Gaillardement je trace sac au dos dans la banlieue plombée, un matin de janvier. Le soleil a- t- il jamais existé ? Mais si, hier il faisait un grand ciel bleu et zéro degré, il faut choisir, se geler en lumière ou prendre un bain de bruine sous ciel bas pour quelques degrés de plus.

Donc me voilà guillerette (j ‘ironise, là) dans le quotidien de ménagère que je ne suis guère (remarquez la rime involontaire), partie à la médiathèque toute neuve et quasi luxueuse, plantée au milieu de la cité, vaillant espace de culture dans ce ghetto, puis un tour à la boulangerie délicieuse, quand soudain je me retrouve cernée par un gang de poussettes à double ou triple sièges, plus un ou deux minuscules lardons qui s’accrochent sur le côté. Une sortie en masse des nounous, avec leur petites tribus de pioupious. C’est qu’on repeuple la France par ici, les mamans travaillent en femme indépendante et puis il faut payer le crédit de l’appartement tout neuf, acheté dan l’un de ces immeubles de moyen standing qui poussent tel des champignons par ici.
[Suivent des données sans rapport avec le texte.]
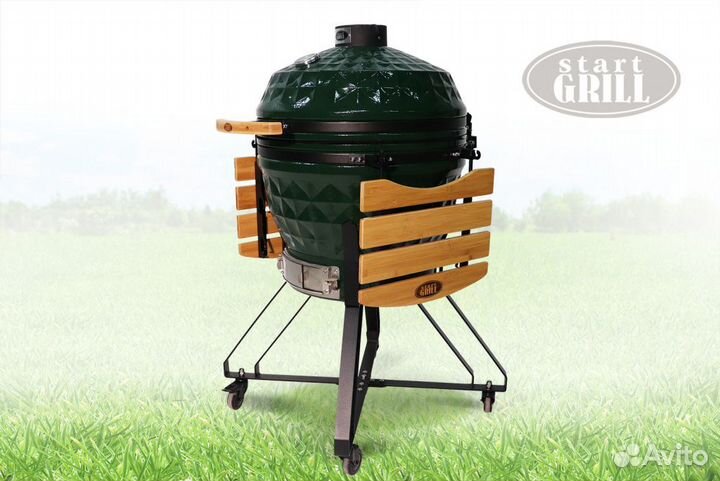 Керамический гриль Start Grill PRO 61 см зеленый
Ça fait du boulot pour celles qui ne sont ni cadres ni diplômées, LA NOUNOU indispensable, certifiée, adoubée par la municipalité, qui garde les petits car des crèches il n’ y en a pas assez, on construit à toute blinde, les haltes garderies ça viendra plus tard, c’est comme le métro, en chantier depuis deux ans pour encore trois ans, imaginez la montée des prix de l’immobilier ces temps ci…Bon , je m’égare, une petite bouffée anxiogène , tous ces marmots !

 

Qu’il est doux et convivial ( encore de l’ironie!) de passer une demi heure à tirer des photos dans le seul et unique hyper de cette charmante ville du 93. C’est un petit théâtre du monde populaire, où les vieux se retrouvent après leurs emplettes, on se claque la bise avant d’aller à la réunion des seniors pour tirer la galette. Un caissier antillais fait ambianceur à lui tout seul, beaucoup de femmes viennent à sa caisse pour sa faconde, on se souhaite la bonne année, et comment ça va ? Des types en tenue de chantier achètent boite de pâté et baguette pour la pause, les gitanes en robe longue et pantoufles oublient toujours de prendre un panier, un couple de vieux fait le plein de danettes et de saucisses, on voit que la femme est plus alerte, le monsieur arrive à peine à pousser le caddy avec l’air égaré, tandis qu’elle fait chauffer la carte bleue. Un petit groupe de gamins, on est mercredi, passent les mains dans les poches devant la caisse, l’air dégagé, et vont dans l’épicerie en face, plus de choix de bonbons peut être ?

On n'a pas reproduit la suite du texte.